Mr Moore: Bill, you will be my age before you see it.

MR STEFANIAK: Hang around, Michael, because you might be in for a nice surprise next week. The Attorney-General's Department, my colleague's department, is working towards tabling the Residential Tenancies Bill on 15 May 1997 for the consideration of this Assembly, and it is intended that the reforms will commence in September 1997.

Ms Reilly: It is commencing in September now; it was June earlier.

MR STEFANIAK: It has to be passed and everything, Marion; so there you go. The Community Law Reform Committee, in its report relating to private residential tenancy law, initially recommended that the proposed Residential Tenancies Act should not apply to ACT Housing, pending a further report by that committee. That committee also recommended that a further period of consultation was required to enable the committee to consider whether the proposed Residential Tenancies Act should apply to public housing; and, if so, whether ACT Housing should be exempted from particular provisions of the Act.

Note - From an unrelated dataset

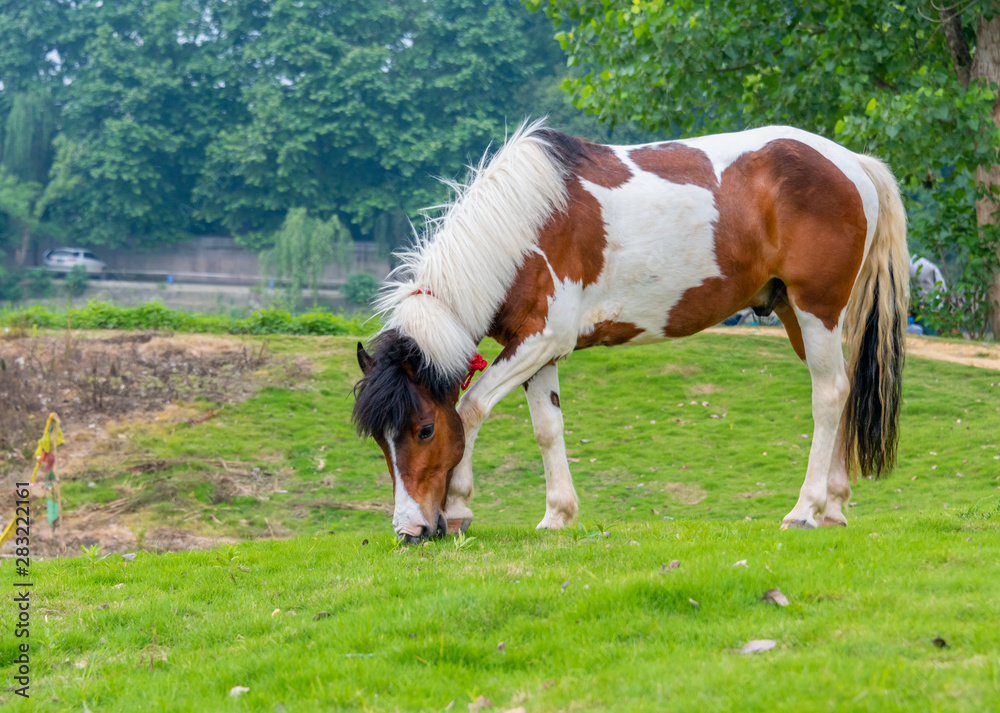 A horse grazing on the grass by the river A horse grazing on the grass by the river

Given the implementation of the competition policy reforms and the necessity to ensure competitive neutrality in relation to residential tenancies, the need to ensure that government tenancies were regulated by the Residential Tenancies Bill had already assumed some urgency. This was so notwithstanding this private members Bill. The Government's policy statement on competitive neutrality adopts two approaches matched with associated structural and financial reforms. These approaches relate to the application of the principles of competitive neutrality to significant business enterprises and activities, and full cost attribution to the ACT.

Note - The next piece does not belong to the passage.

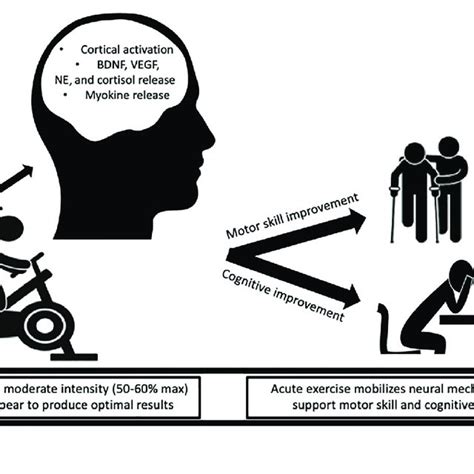 Moderate-Intensity Aerobic Exercise 的图像结果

Since the presentation of the private members Bill to amend the Landlord and Tenant Act 1949, the Community Law Reform Committee has, as part of its ongoing consultations, met with officers of ACT Housing to consider whether the proposed Residential Tenancies Bill should be applied to public housing and whether modifications to the Residential Tenancies Bill are necessary or, alternatively, whether ACT Housing should be exempted from particular provisions of the Bill, having regard to the principle of competitive neutrality and the application of the cost-benefit and public interest tests. I am advised that the Community Law Reform Committee has recommended that the proposed Residential Tenancies Bill should apply to public housing, and that outcome is supported by ACT Housing.

Given, after all that, that the tabling of the new tenancy legislation is imminent, the passage of the proposed amendments to the Landlord and Tenant Act at this time would create significant administrative costs for ACT Housing; and it would be operationally disruptive, without conferring any real benefits on public tenants. There are three areas of administrative processes, Mr Speaker, that would need to be changed and would require new procedures and training to be undertaken by staff. These are: Firstly, Ms Reilly's Bill would require ACT Housing to issue 12,500 receipts per fortnight for rent payments made to tenants, even where payments are made by electronic transfer of funds from tenants' bank accounts. This would be a large and costly exercise and could not be justified. Section 57 of the Landlord and Tenant Act requires that.